Data in this exercise: Begin

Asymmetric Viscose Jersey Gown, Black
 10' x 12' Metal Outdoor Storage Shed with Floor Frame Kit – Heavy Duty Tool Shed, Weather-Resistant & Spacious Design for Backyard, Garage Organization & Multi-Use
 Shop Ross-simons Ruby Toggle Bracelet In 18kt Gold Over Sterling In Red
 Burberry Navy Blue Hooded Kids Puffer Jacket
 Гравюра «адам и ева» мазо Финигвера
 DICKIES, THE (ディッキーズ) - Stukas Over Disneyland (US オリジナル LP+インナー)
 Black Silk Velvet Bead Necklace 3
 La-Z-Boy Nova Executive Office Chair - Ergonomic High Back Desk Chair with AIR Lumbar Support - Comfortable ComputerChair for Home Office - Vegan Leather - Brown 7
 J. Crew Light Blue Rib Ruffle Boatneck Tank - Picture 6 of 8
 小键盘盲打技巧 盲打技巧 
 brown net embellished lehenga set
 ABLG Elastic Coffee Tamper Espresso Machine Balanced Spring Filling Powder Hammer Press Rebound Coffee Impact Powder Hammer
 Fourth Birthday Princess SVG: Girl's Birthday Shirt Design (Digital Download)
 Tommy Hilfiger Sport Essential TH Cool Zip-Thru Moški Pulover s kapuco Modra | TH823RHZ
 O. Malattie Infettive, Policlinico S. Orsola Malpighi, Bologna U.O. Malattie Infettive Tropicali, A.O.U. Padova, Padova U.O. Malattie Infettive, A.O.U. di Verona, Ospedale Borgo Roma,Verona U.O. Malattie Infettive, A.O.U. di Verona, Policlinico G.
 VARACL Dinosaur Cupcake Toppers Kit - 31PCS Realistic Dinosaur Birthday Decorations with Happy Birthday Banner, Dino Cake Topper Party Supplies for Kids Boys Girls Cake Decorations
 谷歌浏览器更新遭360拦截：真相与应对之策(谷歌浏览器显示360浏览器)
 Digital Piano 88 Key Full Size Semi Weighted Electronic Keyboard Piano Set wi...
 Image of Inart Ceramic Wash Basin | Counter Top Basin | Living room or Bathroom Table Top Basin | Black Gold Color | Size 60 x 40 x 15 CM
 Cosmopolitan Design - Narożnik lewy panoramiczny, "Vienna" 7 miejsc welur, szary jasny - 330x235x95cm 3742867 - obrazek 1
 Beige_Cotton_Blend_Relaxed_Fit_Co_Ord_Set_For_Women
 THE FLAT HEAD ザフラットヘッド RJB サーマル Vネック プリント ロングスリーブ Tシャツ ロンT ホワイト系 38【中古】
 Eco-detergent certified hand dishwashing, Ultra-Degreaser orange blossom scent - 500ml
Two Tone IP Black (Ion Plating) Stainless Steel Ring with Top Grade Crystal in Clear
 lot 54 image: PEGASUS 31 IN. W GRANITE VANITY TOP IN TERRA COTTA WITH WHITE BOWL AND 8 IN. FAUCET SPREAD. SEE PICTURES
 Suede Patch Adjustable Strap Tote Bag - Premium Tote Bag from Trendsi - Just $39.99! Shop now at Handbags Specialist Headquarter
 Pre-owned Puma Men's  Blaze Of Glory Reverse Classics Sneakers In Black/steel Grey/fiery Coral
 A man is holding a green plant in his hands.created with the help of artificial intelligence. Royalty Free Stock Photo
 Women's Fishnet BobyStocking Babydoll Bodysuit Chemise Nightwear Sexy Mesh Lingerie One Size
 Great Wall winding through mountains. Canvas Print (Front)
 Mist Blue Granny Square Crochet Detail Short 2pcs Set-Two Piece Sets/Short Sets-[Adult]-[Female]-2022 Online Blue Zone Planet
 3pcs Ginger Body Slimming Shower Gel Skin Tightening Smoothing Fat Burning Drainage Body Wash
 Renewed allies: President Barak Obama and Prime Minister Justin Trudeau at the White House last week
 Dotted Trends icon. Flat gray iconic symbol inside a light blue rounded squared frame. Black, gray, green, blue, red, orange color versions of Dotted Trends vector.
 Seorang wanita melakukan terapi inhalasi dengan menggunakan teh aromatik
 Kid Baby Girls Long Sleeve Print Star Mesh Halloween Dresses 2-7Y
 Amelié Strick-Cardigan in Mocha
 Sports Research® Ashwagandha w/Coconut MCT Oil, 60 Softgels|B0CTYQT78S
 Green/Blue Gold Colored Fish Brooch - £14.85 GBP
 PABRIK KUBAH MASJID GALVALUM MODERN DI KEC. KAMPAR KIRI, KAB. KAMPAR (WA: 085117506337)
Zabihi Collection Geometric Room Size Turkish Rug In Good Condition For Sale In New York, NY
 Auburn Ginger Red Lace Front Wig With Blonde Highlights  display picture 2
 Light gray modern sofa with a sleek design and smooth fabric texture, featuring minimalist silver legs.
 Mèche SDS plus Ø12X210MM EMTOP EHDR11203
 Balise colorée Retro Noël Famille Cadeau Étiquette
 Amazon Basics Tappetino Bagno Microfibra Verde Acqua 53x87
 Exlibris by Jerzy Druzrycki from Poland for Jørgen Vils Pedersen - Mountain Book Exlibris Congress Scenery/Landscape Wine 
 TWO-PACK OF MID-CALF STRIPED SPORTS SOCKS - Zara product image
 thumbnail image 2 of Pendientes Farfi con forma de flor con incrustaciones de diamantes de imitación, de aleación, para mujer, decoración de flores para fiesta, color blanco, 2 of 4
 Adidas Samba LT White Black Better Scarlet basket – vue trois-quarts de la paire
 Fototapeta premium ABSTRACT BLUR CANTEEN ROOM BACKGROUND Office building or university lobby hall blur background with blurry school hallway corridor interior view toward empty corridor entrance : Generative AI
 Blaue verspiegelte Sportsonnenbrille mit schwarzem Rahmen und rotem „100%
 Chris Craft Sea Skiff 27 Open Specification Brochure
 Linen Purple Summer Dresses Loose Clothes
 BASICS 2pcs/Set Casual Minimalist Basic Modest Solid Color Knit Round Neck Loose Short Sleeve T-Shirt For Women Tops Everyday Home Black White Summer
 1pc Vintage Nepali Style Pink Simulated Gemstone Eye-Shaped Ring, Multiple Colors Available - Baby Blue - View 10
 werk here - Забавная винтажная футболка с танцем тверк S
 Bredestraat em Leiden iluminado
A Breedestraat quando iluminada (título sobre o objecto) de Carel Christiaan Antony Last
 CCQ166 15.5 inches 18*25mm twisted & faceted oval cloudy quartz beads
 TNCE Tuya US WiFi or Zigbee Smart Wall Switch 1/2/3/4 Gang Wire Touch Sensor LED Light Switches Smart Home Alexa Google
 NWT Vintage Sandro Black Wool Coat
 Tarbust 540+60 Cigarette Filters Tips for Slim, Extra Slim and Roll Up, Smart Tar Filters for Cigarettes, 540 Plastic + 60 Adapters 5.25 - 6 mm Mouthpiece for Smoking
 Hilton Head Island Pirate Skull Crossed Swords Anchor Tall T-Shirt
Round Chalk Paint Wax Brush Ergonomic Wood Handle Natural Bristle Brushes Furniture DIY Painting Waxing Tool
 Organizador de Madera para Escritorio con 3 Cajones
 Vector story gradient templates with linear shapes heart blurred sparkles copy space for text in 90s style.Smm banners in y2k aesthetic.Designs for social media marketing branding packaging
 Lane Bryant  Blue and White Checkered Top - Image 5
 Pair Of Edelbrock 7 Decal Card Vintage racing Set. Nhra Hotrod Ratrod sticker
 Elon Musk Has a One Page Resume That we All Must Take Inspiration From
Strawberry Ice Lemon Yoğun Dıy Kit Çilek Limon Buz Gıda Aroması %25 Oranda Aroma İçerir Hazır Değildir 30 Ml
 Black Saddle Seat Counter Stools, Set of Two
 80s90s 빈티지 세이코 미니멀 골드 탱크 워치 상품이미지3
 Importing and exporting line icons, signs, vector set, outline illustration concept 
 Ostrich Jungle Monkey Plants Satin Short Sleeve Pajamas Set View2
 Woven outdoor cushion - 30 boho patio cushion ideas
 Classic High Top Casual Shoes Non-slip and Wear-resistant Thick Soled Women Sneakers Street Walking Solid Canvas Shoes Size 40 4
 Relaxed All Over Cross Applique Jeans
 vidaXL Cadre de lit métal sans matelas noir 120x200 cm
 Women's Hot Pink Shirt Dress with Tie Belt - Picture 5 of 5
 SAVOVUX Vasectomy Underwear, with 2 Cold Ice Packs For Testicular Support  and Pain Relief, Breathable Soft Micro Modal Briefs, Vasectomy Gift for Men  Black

Data in this exercise: End

The problem —
Among the records above, repeat exactly the line with "Vector story gradient", the line with "Top - Image 5", and every line in between, and only those.

Answer to this exercise —
 Vector story gradient templates with linear shapes heart blurred sparkles copy space for text in 90s style.Smm banners in y2k aesthetic.Designs for social media marketing branding packaging
 Lane Bryant  Blue and White Checkered Top - Image 5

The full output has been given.